We have all observed refraction, in the deep end of a swimming pool, for example, where the water looks shallower than it really is. In fact, you can easily calculate the refractive index of water: it’s the actual depth divided by the apparent depth. Unfortunately, that is the only simple mathematical idea in this lecture. The index of refraction in nature is always greater than zero. Building on ideas from Fermat and Maxwell – whose equations, especially the parameters magnetic permeability and electric permittivity, are central to the argument – Pendry uses geometry to persuade us that refraction can in principle be negative. His argument was sharply disputed in the physics literature, and Pendry jokes that he earned his knighthood in combat, using equations as lances.

Why was this controversy so heated? The theory points to a marvelous conclusion: in a material with a refractive index of exactly negative one (-1), the optical distance from an object to its image exactly cancels out. In other words, the image is the object, and therefore we can say that such material functions as a perfect lens. This would enable scientists to defeat a limitation previously considered fundamental: that no lens can resolve more finely than the wavelength of light.

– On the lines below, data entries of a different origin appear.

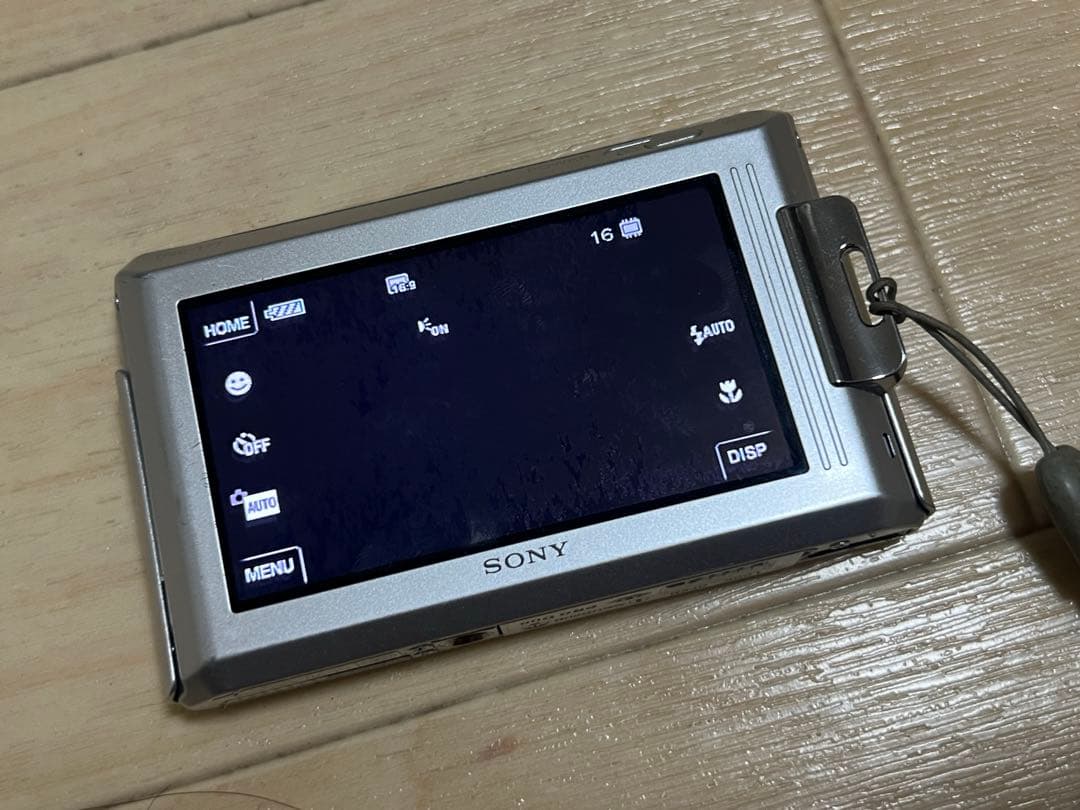 sakimax 　SONY Cyber-shot DSC-T77 MKM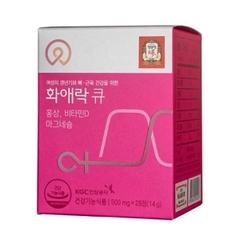 Viên Hồng Sâm Dành Cho Phụ Nữ KGC Hàn Quốc Hộp 112 Viên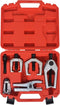 vidaXL Poelietrekkerset 5-delig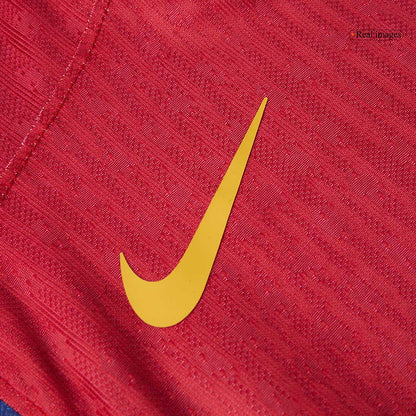 Authentic Barcelona X Travis Scott Home Soccer Jersey 2024/25 Red&Blue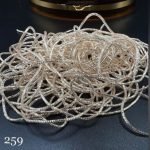 سرمه ی تراش طلایی روشن تراش ریز کد:   259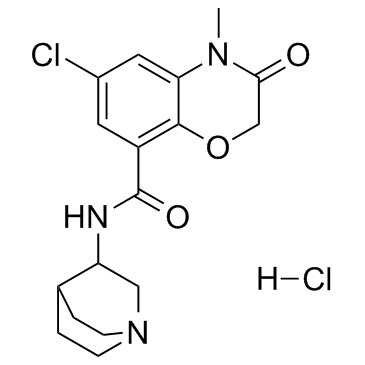 Azasetron HCl Structure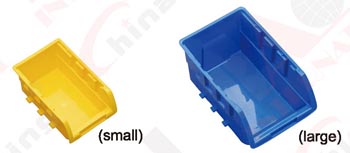 MOBILE SIDED STORAGE BUCKET HANGING SERVICE CARTS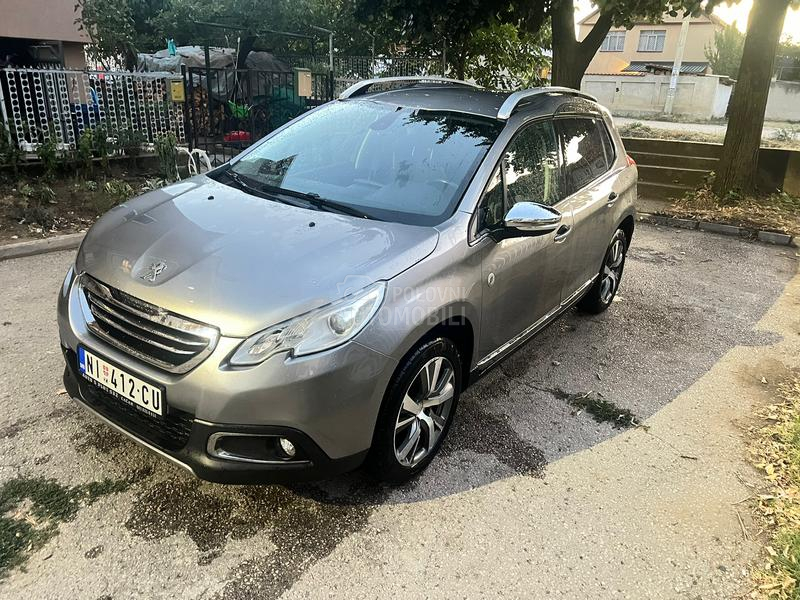 Peugeot 2008 1.6 eHDI CROSWAY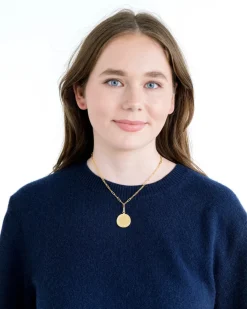 Franc Paperclip Necklace|Susan Shaw Online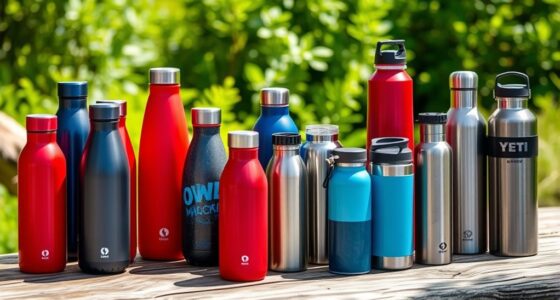 top water bottles showdown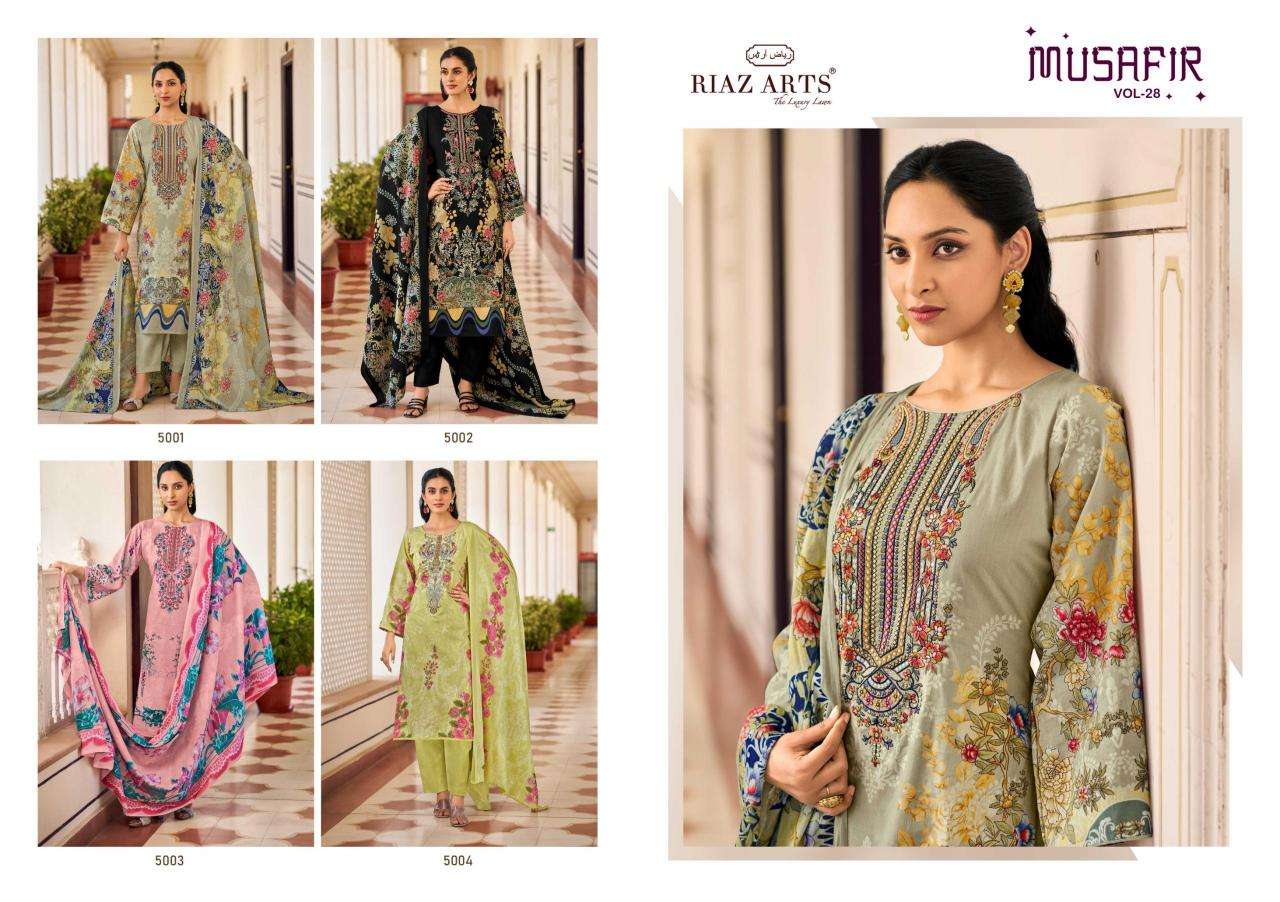 Riaz arts musafir 28 Dress material manufacturers in Hyderabad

Thanks to negative refraction, Sir John claimed, a perfect lens could resolve produce a sharp image of objects smaller than the light used to illuminate them.

Proof came from experiments. Because no natural material demonstrates negative refraction, scientists harnessed metamaterials (a term coined only in 1999). A metamaterial is defined not by its composition but by its structure – a manmade, three-dimensional, periodic cellular architecture designed to produce an optimized response to specific excitation. Researchers at UC San Diego, Boeing, Berkeley, and elsewhere have now produced clear, sharply focused images of text and gratings inscribed at sub-nanometer scales but illuminated at much longer wavelengths.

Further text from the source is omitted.